Think they all like to say that :/ followed by them making out you are oversensitive/overdramatic or don't have a sense of humor.

Theres a comedian that does a sketch about 'it's just banter' being used to say dickish things and get away with it. So bloody true.

herewegoagain123456 · 02/06/2020 11:36

Oh yes my ex was vein as hell. Didn't notice it at the time tho.
Everything was all about him and his rugby (should of been a professional player apparently Hmm)
The self gloat was awful.

Just remember all
The bad and even right it down when u think u have made the wrong decision. As that is a stage you deffo go through when they start promising the world yet it's all
Lies

Eckhart · 02/06/2020 11:39

I cant wrap my head round the fact that people can be like this

I struggled with that too. But the more you read, the more you learn that psychopaths/narcissists are all the same, it's like they've sat exams for it. I really do feel like they're a different species, because they're all very similar in their destructive behaviours, but they don't learn it, so it must be their instincts.

FromRockBottom · 02/06/2020 11:43

Oh yes , the everything is a joke is a big thing of his . It's actually something my mum used to do (I don't talk to her anymore) it's a way of bringing you down while taking no responsibility for it . Which I'm starting to think is a classic narcissist .I am also starting to think it's also a form of gaslighting ?

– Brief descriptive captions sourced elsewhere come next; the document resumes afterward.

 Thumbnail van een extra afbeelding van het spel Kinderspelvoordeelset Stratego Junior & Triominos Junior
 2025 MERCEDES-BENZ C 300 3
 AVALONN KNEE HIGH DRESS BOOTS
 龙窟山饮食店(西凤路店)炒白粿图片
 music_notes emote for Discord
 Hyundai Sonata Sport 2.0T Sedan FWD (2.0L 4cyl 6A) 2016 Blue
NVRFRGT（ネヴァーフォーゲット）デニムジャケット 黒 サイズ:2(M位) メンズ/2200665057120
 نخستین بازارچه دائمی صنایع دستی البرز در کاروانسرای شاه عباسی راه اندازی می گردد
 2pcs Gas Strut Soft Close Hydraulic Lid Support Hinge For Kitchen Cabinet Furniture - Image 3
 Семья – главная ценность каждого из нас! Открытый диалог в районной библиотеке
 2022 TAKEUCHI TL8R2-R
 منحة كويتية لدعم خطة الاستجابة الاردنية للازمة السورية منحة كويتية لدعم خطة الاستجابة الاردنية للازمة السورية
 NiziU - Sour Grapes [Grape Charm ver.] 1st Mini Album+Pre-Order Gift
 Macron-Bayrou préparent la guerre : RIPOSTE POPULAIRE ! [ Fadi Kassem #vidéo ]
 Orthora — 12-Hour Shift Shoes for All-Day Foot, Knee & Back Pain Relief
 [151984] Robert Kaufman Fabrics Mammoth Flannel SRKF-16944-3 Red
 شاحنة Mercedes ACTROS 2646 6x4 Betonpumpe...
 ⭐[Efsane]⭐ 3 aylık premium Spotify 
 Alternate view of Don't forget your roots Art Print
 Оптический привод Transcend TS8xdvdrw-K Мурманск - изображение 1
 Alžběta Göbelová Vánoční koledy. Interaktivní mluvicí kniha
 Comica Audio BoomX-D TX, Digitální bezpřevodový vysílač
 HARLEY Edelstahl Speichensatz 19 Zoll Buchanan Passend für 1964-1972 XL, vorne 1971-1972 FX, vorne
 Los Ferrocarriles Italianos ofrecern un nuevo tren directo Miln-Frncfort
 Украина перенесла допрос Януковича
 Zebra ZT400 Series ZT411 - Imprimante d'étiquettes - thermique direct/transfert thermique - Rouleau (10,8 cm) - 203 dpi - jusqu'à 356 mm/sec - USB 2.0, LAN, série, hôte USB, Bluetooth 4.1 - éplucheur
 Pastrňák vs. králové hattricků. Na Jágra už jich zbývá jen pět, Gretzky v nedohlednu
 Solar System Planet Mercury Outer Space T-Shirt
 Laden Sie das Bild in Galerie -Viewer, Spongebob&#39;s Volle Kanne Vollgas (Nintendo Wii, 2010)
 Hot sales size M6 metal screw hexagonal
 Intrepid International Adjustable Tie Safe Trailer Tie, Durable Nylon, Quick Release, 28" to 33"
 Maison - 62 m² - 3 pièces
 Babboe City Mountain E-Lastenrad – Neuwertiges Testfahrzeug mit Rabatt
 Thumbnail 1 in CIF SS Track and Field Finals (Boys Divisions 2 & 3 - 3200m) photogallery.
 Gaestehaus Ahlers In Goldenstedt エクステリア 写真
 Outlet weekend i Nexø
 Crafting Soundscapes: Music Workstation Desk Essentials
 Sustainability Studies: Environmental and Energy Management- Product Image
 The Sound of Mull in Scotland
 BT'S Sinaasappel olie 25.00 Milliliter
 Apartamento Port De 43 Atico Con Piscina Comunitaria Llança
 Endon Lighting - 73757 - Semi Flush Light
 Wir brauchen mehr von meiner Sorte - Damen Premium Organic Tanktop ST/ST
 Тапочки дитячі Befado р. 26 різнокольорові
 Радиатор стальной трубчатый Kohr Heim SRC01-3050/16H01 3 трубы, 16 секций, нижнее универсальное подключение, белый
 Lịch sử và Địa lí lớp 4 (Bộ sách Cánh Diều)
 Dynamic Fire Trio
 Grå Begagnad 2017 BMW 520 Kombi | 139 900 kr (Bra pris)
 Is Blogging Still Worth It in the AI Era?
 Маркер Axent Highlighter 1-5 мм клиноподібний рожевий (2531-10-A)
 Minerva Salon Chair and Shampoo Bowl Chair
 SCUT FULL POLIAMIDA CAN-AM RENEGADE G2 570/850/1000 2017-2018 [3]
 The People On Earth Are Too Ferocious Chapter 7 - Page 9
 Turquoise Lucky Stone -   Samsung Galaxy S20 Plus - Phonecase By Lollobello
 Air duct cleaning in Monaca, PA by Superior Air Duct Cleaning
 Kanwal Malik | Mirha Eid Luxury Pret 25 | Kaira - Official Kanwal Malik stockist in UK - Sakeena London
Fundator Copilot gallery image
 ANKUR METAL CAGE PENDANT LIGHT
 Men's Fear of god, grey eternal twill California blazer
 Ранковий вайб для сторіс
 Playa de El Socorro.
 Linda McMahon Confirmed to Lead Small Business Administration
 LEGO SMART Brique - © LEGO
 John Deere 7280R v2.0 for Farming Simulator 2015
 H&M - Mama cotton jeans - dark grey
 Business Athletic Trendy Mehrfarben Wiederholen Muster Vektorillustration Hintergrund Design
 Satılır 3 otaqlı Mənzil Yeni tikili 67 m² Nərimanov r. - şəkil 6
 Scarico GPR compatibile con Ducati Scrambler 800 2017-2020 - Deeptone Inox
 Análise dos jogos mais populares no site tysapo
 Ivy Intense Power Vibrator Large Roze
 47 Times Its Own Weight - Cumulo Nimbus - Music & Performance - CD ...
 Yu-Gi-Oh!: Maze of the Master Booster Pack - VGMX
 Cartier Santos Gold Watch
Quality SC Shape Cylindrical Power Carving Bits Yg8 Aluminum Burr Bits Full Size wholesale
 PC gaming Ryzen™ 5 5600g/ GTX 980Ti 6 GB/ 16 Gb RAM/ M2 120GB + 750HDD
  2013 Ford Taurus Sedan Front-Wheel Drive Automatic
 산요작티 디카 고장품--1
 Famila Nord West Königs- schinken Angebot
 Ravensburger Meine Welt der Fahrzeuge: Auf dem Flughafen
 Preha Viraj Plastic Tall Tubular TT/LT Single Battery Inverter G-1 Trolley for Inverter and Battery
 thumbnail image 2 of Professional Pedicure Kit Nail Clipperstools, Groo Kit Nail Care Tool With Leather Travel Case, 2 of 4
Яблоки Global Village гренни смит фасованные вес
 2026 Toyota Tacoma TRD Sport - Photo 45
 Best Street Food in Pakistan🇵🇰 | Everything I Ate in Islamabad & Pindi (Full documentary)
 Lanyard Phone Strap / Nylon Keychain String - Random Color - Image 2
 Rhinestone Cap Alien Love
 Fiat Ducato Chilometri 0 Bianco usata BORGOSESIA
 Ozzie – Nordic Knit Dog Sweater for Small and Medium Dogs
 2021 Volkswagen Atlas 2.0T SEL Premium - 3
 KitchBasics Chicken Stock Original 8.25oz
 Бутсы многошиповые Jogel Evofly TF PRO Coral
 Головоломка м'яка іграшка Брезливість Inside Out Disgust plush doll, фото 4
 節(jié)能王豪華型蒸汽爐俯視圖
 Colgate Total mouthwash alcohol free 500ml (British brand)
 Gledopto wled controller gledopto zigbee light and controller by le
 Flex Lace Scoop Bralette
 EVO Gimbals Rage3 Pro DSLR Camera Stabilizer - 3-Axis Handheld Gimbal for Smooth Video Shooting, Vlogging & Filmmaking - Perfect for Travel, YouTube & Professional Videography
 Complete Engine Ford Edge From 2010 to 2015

Him..."I mean you are an idiot most of the time anyway , so I can imagine you must have looked pretty daft when you did that"

Me..."what do you mean I'm an idiot most of the time? , Do you really think that?

Him.... "God , of course not . I was joking , you are so sensitive, I can't say anything right!"

This is a pretty obvious example . I think it can be much more subtle. But basically you just got hit for the original insult , and the idea that caring about it makes you oversensitive and a bit of a control freak . So you let it go . But it hurt you . Does that make sen ?se

Eckhart · 02/06/2020 11:46

'You are so sensitive' is horrible.

'Yes, I am, so respect it!' is the only viable response.

There's nothing wrong with being sensitive. In fact it's a bit like a special power, in that you can pick up on things others can't. I listen to my sensitivity radar these days. If something/someone seems off, I don't care whether I can rationalise it or not. I'm happy to just call it gut instinct, and move on.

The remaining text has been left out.